Washington County Circuit Court Rules Wisconsin Stun-Gun Ban Unconstitutional

Hart Powell, S.C. attorney Craig S. Powell was recently able to secure a favorable ruling for a client charged with illegally possesing an electric weapon, commonly referred to as a stun gun.  Powell’s client was charged with illegally possessing an electric weapon, commonly referred to as a stun-gun.  Wisconsin statute sec. 941.295 provides: “Whoever sells, transports, manufactures, possesses, or goes armed with any electric weapon is guilty of a Class H felony.”   The statute provides some exceptions, allowing a civilian citizen to go armed with an electric weapon in his or her own dwelling, place of business, or on land that her or she owns, and also allowing a person who has obtained a concealed carry permit under Wis. Stats. 175.60(1)(d) to possess or go armed with an electric weapon.

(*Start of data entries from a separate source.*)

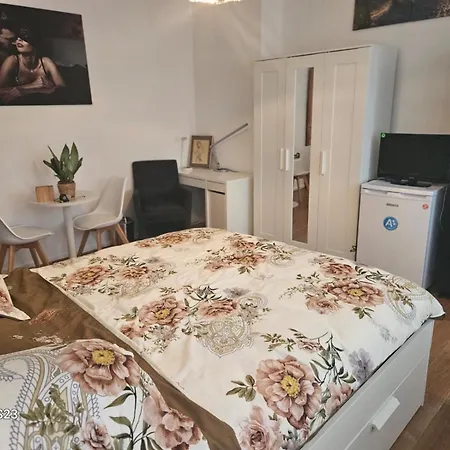 Friend House Bed & Breakfast *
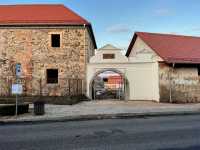 Hrobčice | Obnova renesanční brány tvrze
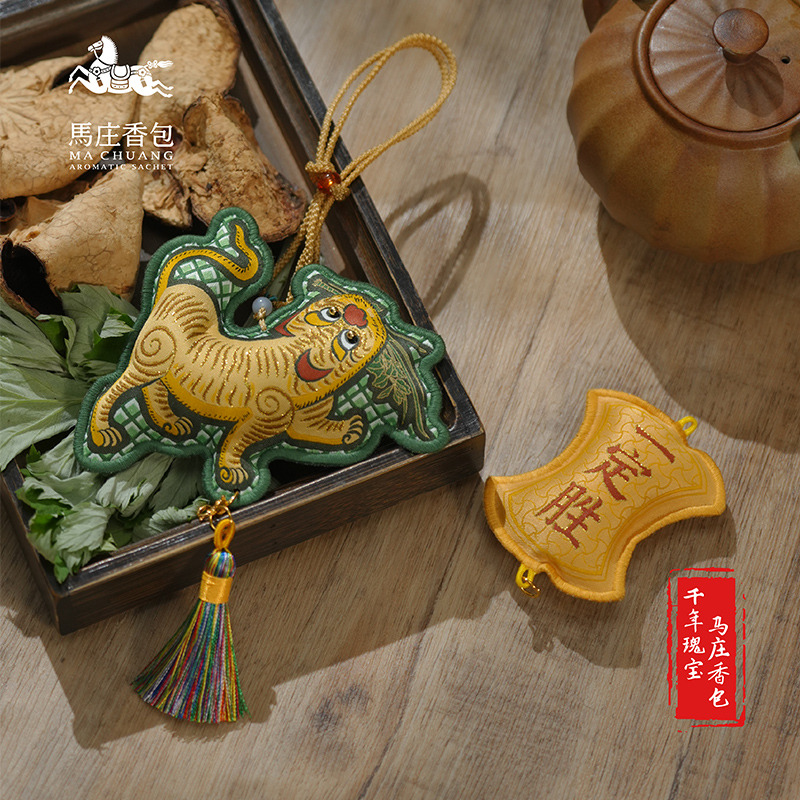 13527312.【徐州非遗马庄香包】艾虎献瑞·一定胜香囊挂饰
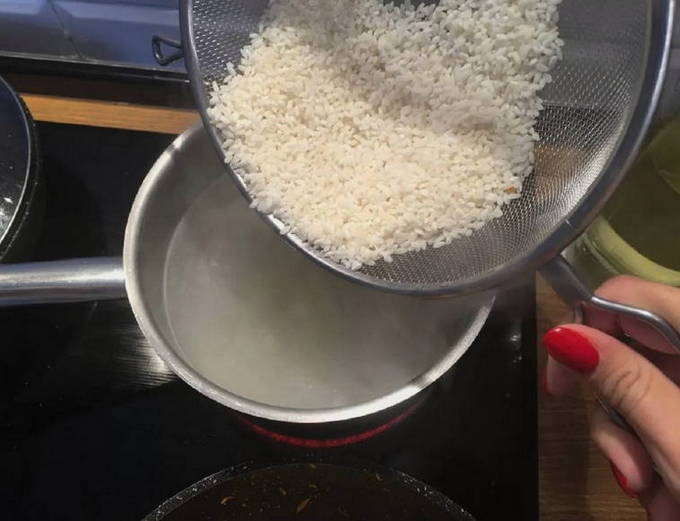 Рисовый суп на курином бульоне Рисовый суп на курином бульоне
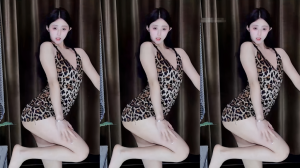 CC直播 #欣彤吖 定制舞蹈4V950MB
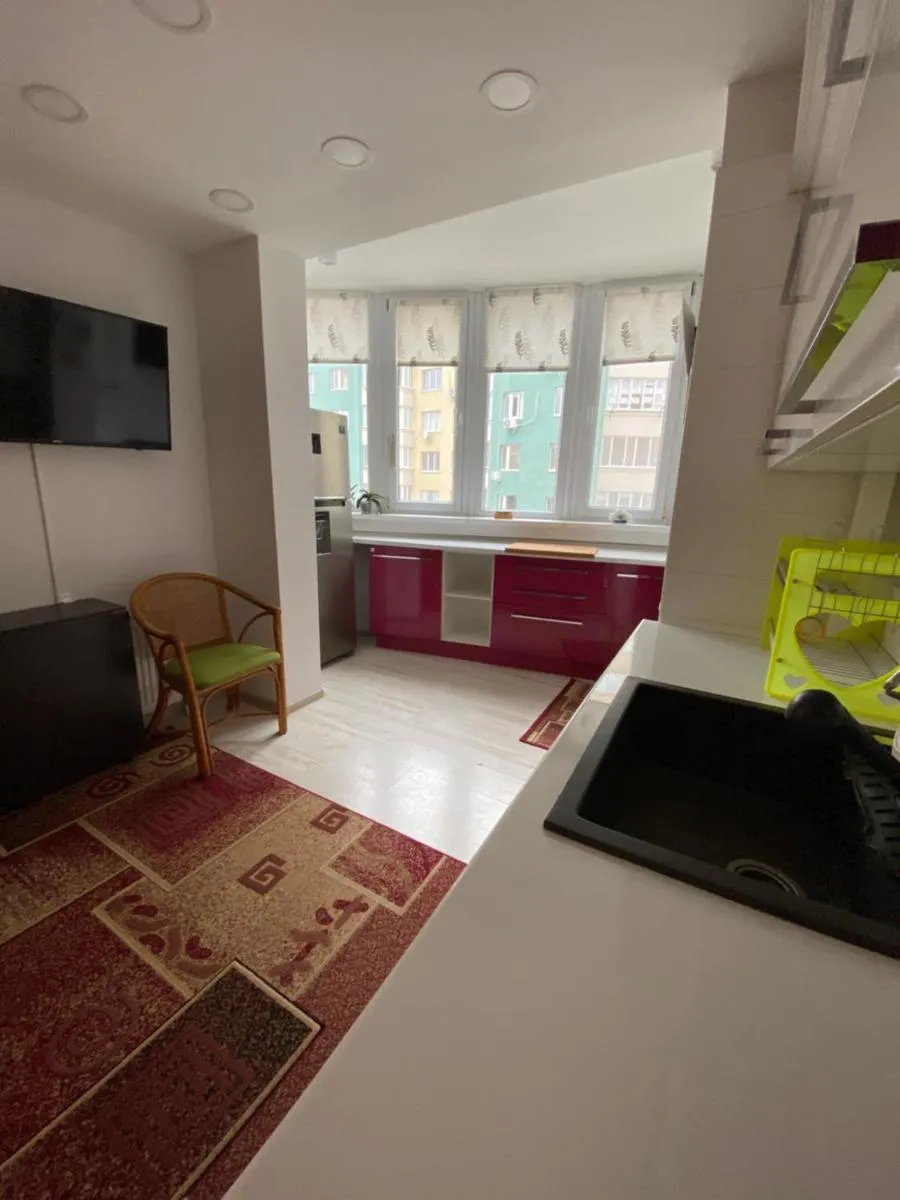 Image 2 of Magenta Apartment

Powell moved to dismiss the charge against his client, arguing that electric weapons were “arms” protected by the Second Amendment, and that Wisconsin’s law restricting the exercise of a person’s right to possess electric weapons was unconstitutional.  Powell also argued that the penalty scheme for this charge violated constitutional equal protection guarantees.  Wisconsin State 941.23 makes it illegal to carry concealed weapons, including electric weapons, without a concealed carry permit.  A violation of 941.23 is classified as a misdemeanor, with maximum penalties of 9 months in jail and a $10,000 fine.  Under 941.295, carrying a electric weapon, whether in a concealed or open fashion, is criminal conduct classified as a Class H felony, with maximum penalties of 6 years in prison and a $10,000 fine.  In addition, individuals convicted of felonies lose other constitutional rights, such as the right to vote and the right to own or possess a firearm.  Powell argued that this significant difference in penalties was irrational and arbitrary.

The Washington County Circuit Court agreed with Powell’s arguments and ruled that both the law itself and its penalty provisions were unconstitutional.